# Moose



## pdkpotocki (Aug 3, 2004)

My parents just got some moose to try what is the best way to prepare it. My mom is alittle gun shy about cooking it. I told her the best way to cook it s to send it up to me and ill cook it for myself.


----------



## Shop Rat (Apr 8, 2006)

Cook it like deer. If it is a cow moose, it will not have any gamey taste. A bull in rut might need some marinade or seasoning. I have heard of people "stinking up their house" with a bull moose or caribou, but never with me. Myself, dad and brother would go for moose or caribou every few years. Bull moose in rut will wallow in a puddle of urine.


----------



## Blaze (Oct 13, 2005)

I have been eating alot of moose lately, as I was in Newfoundland last October and shot a young bull. I brought back 285 pounds of boneless meat.

I do have a couple tips for you, You didn't mention what cuts of meat you have, steaks, roasts, burger? I had the bulk of my moose ground into burger, with the exception of the tenderloins, and backstraps. Moose tends to be tough unless you have a very young animal. The secret to moose, as with any venision, is not to overcook it!, don't cook it more than medium, you still want it pink inside at the very minimum....I prefer medium rare.

If you have steaks cut them thin, and cook them quick, sear them, brown them on both sides and they are done. A good easy receipt for the steaks is a "moose smash".....if the steaks are thick, cut into smaller pieces and smash them with a mallet, or cast iron pan or skillet, season them to your taste and cook on high heat, quickly. A cast iron skillet works the best. I prefer to sear them in butter, but you can use olive oil if you like or a combination of both. Remember to not over cook them!

My favorite burger receipt is to make your patties average thickness, whatever you like , but if you make them too thick the flavor of your seasoning does not penetrate.
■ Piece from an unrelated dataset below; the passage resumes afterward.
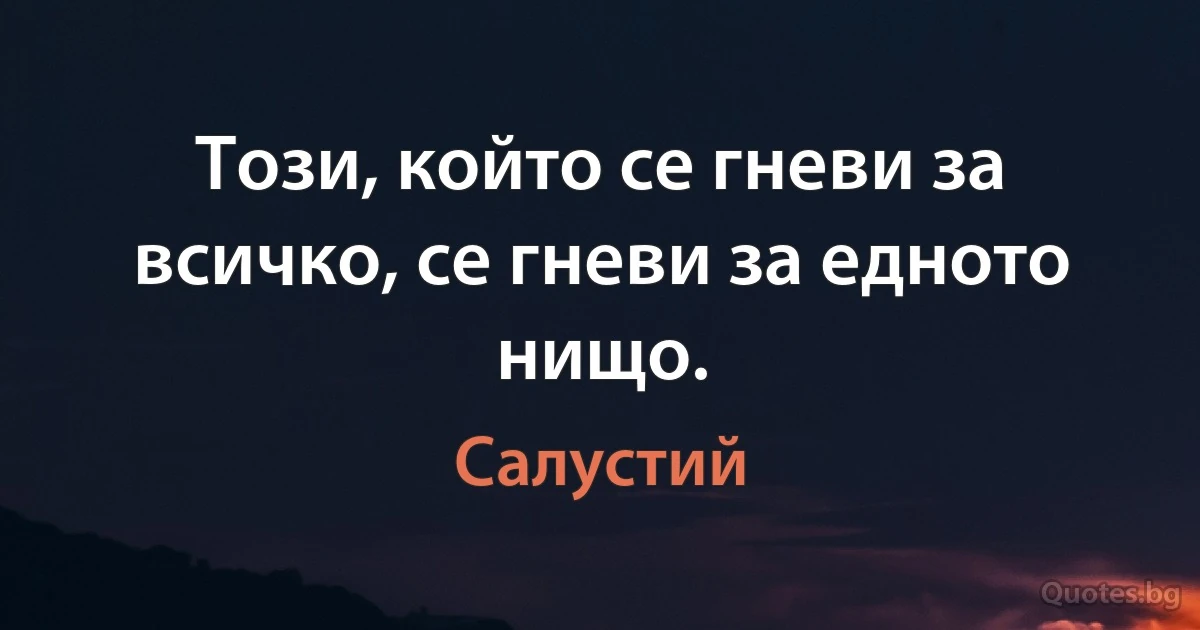 Този, който се гневи за всичко, се гневи за едното нищо. (Салустий)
I pan fry the burgers in butter or olive oil, after I have sliced and pan fried some onions in the same butter/ olive oil. If you add some paprika to the onions it will give them a nice amber color, when you carmelize your onions in the pan. After cooking the burgers I put the onions on the burger. I like to use french bread that is unsliced, I slice it on the bias (angle) and either toast and butter the bread or brown it in butter in a pan. To complete the blend of flavors I like mustard and mayo only on the burgers. Try them they are awesome! A simple seasoning would be salt and pepper, or Lowreys.
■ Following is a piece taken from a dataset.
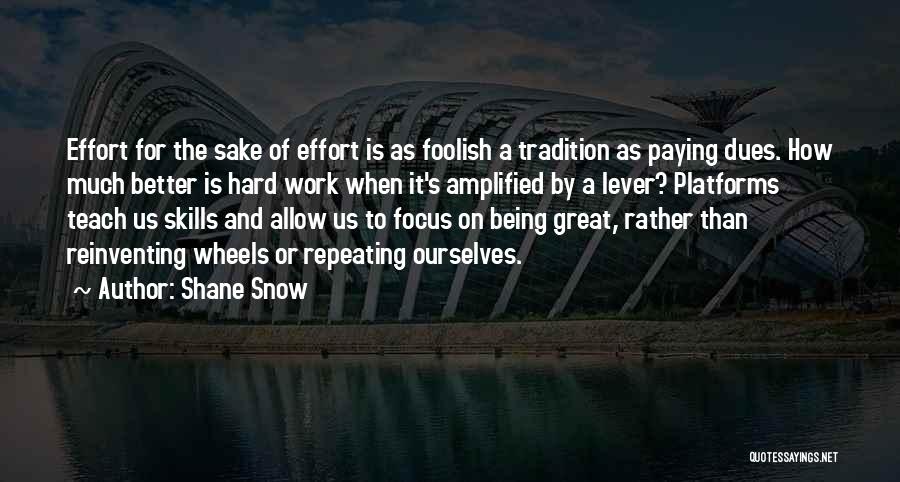 Shane Snow Quotes: Effort For The Sake Of Effort Is As Foolish A Tradition As Paying Dues. How Much Better Is Hard Work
These receipts are very simple, and easy to make. There are plenty of moose receipts available on the 'net.

I hope that you find the moose as delicious as I do, its one of the best venisons you will ever eat.

Blaze


----------



## pdkpotocki (Aug 3, 2004)

thanks guys i passed it along to her


----------



## WILDCATWICK (Mar 11, 2002)

If she is worried about "game flavor" then she can always let it soak in milk for awhile to take that out if you don't want to marinade to cover the flavor. I prefer to eliminate it then marinade if I even bother marinading.


----------